A imagem, sendo uma superfície que pretende representar algo, que está presente no tempo e no espaço, coloca-se perante o observador sem algumas destas dimensões, como o tempo, retirado ao materializar uma vista ou imaginação, e a noção de profundidade, levando-o à necessidade de um exercício de abstracção para que se posicione de forma fiel à realidade daquilo a que é conduzido a sentir e pensar, ao consumir a imagem. Sendo a imagem publicitária uma ficção por excelência, com grande abordagem fantasiosa, sob o respaldo de ser um “lugar” de criação, ela conduz-nos a um tempo e espaço não esclarecido, sem que isso seja explicito nem assumido à priori pelo consumidor da imagem, o que condiciona desde logo a idoneidade deste sujeito ao absorvê-la.


Pensando na intervenção da imagem publicitária no espaço público moçambicano, e restringindo neste ensaio, à rua, podemos observar uma forte presença, e portanto interferência no imaginário coletivo, de publicidade em formato outdoor e muros de edifícios, corporativos e privados, como
plataformas de transmissão desses conteúdos criativos. A estes Outdoors propagandísticos, nos focaremos na presente comunicação, avaliando os seus conteúdos imaginísticos, conceitos em si embutidos, relação com o espaço público e relação destes conteúdos com a arte e seus fazedores.

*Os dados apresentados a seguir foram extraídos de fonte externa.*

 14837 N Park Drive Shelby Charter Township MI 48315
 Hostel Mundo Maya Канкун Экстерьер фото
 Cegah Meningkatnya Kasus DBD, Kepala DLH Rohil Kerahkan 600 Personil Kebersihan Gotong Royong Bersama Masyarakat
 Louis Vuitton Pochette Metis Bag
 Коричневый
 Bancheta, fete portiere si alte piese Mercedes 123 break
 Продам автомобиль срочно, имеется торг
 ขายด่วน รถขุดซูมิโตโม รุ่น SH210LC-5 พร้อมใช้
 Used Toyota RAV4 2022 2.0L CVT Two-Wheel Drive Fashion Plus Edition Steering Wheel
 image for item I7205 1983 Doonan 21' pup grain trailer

Qual a relação do artista e do designer no diálogo destas plataformas de comunicação com o cidadão, com a sociedade civil e com formação de opinião por parte dos diferentes públicos consumidores de suas mensagens? A comunicação aborda conceitos chave da filosofia da imagem e construção de memória e é acompanhada de imagens fotográficas do espaço público, a serem analisadas sequencialmente constituindo o corpus fotográfico do ensaio, como uma mostra das fontes de produção de imaginário coletivo que a cidade de Maputo sustenta, por vezes em detrimento de outros elementos urbanísticos com características informativas, estéticas e mesmo de lazer, que aos poucos vão perdendo seu espaço, ou nunca o chegam a alcançar.

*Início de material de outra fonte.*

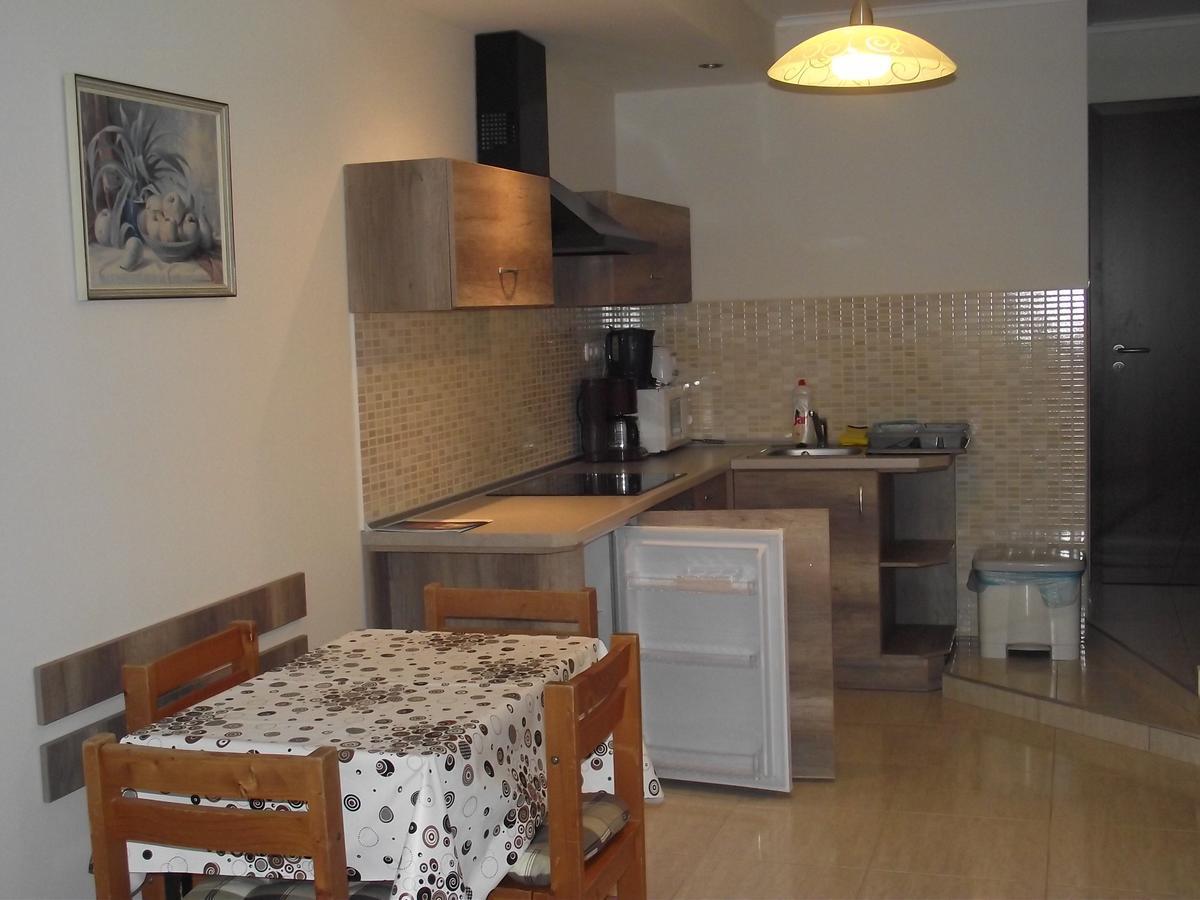 Ferienwohnung Besenyei Apartman Sárvár Exterior foto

* Cientista Social, licenciado pelo Instituto de Humanidade da Universidade Candido Mendes (RJ/Brasil), trabalha com audiovisual, arte e educação, com enfase no uso do audiovisual como ferramenta de pesquisa. Leciona a cadeira de Fundamentos de Antropologia Visual pelo Departamento de Arqueologia e Antropologia da Faculdade de Letras e Ciências Sociais da UEM, desde 2011.